Starting at the line that contains "Unfurnished living room", transcribe each line through the end of the material below, exactly and nothing else, leaving out the pictures.

» INFORMATION SUPPLIED:
+===+
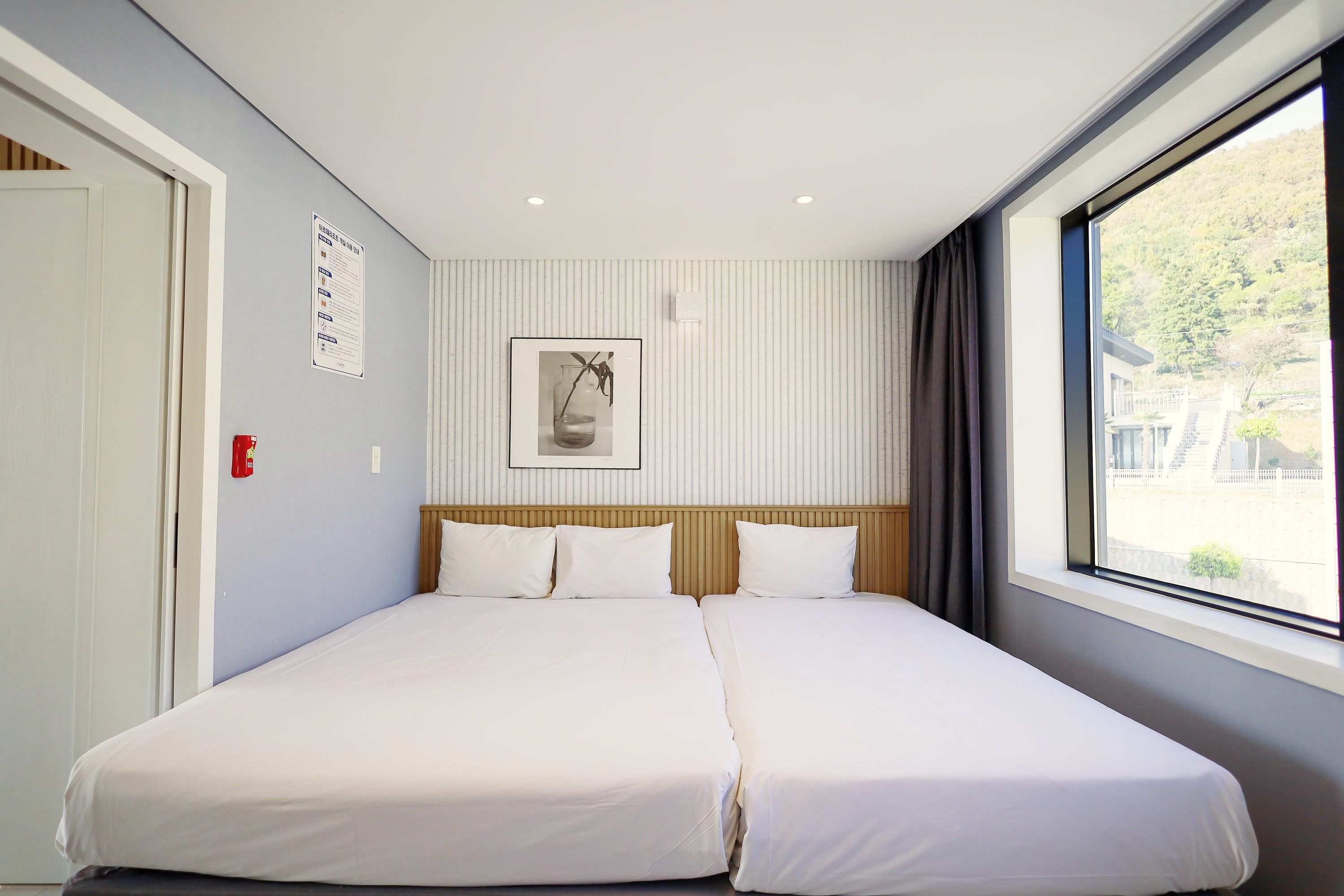 Een tweepersoonsbed in een hotelkamer, met uitzicht op een gebouw en bomen buiten het raam.
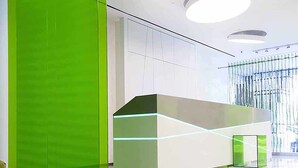 A modern reception area with a green accent wall, a reception desk with illuminated edges, and a ceiling with circular light fixtures.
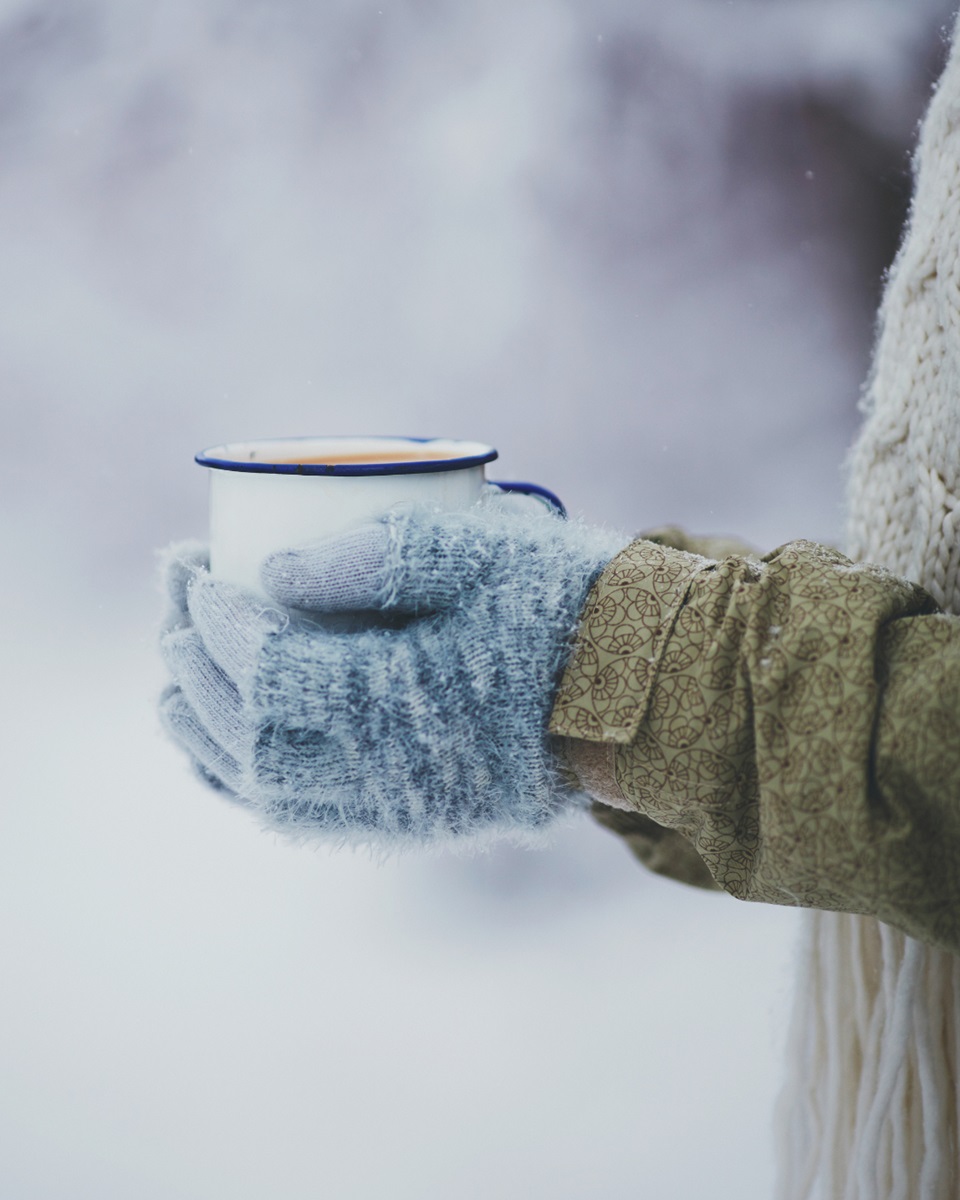 Na zdjęciu widoczny jest kubek trzymany na tle śniegu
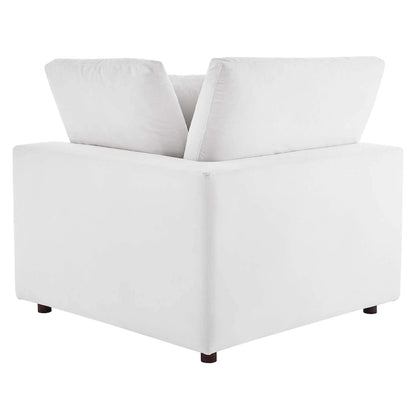 Fauteuil d'angle Commix en velours performant, rembourré de duvet et ultra-confortable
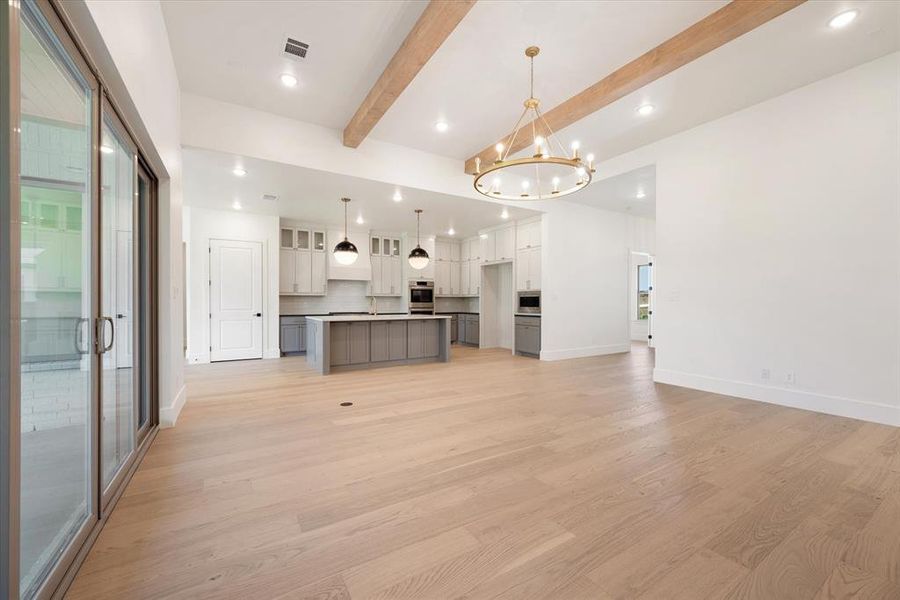 Unfurnished living room with light hardwood / wood-style flooring, an inviting chandelier, and beam ceiling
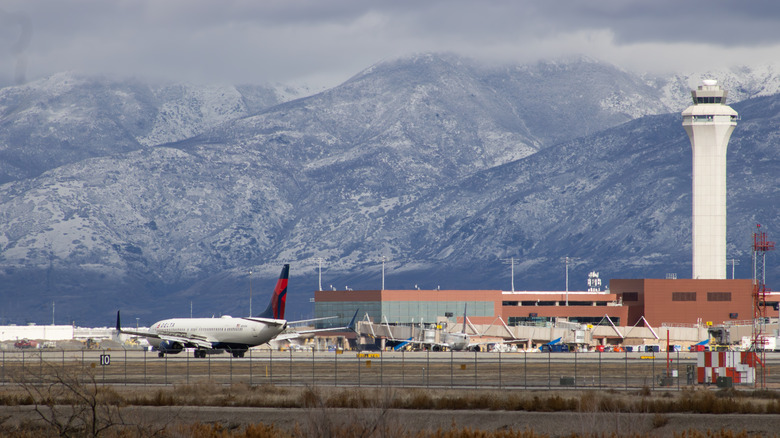 Delta plane on runway of Salt Lake City Airport with mountains and airport control tower in background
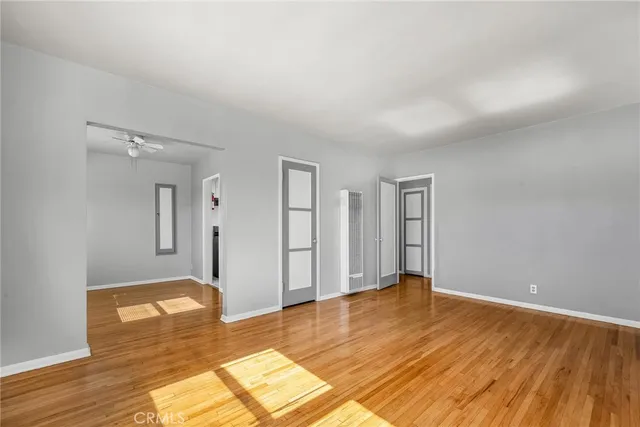 a view of kitchen and wooden floor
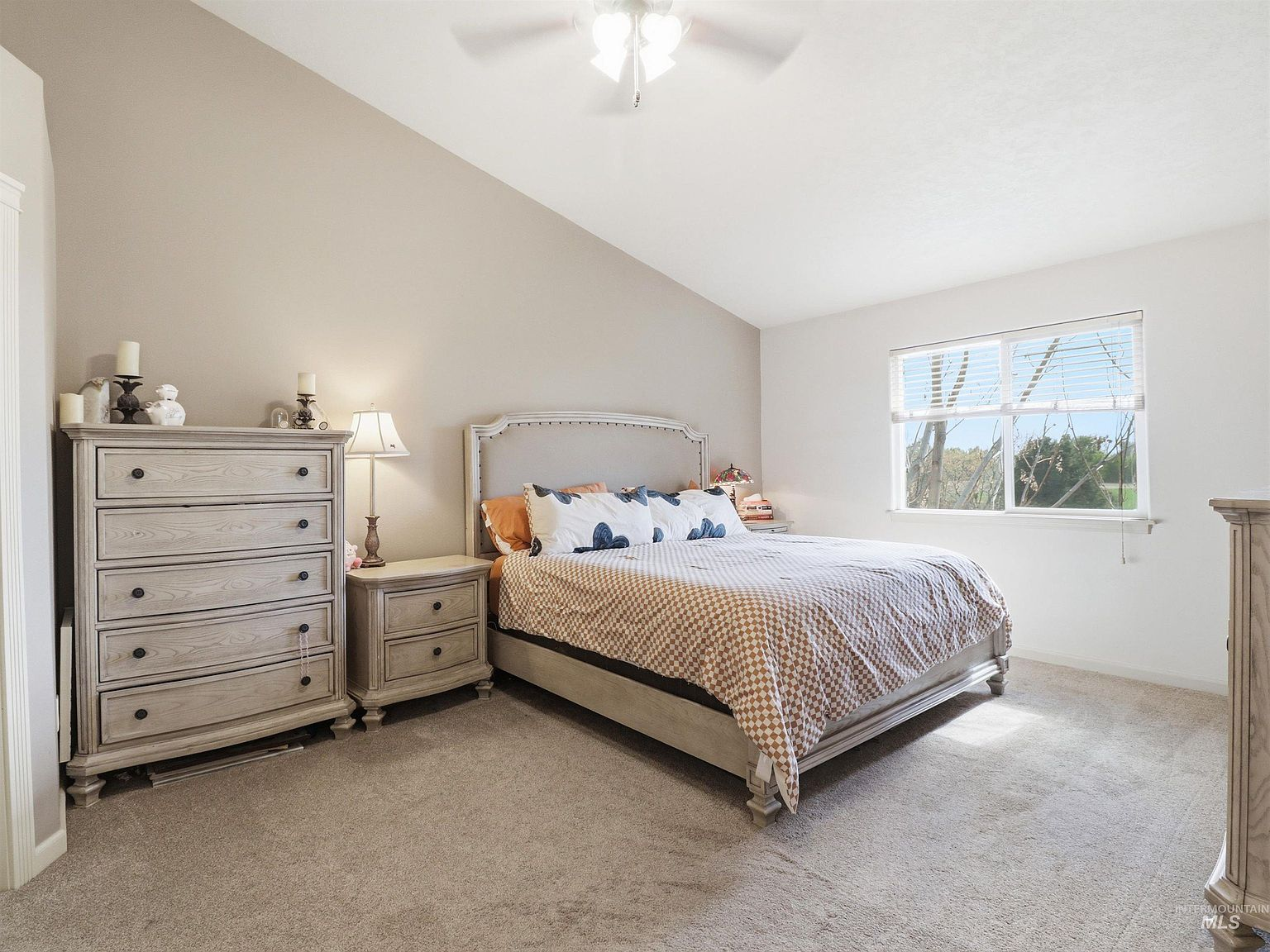 Spacious primary suite with vaulted ceiling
+===+
» WRITTEN RESPONSE:
 Unfurnished living room with light hardwood / wood-style flooring, an inviting chandelier, and beam ceiling
 Delta plane on runway of Salt Lake City Airport with mountains and airport control tower in background
 a view of kitchen and wooden floor
 Spacious primary suite with vaulted ceiling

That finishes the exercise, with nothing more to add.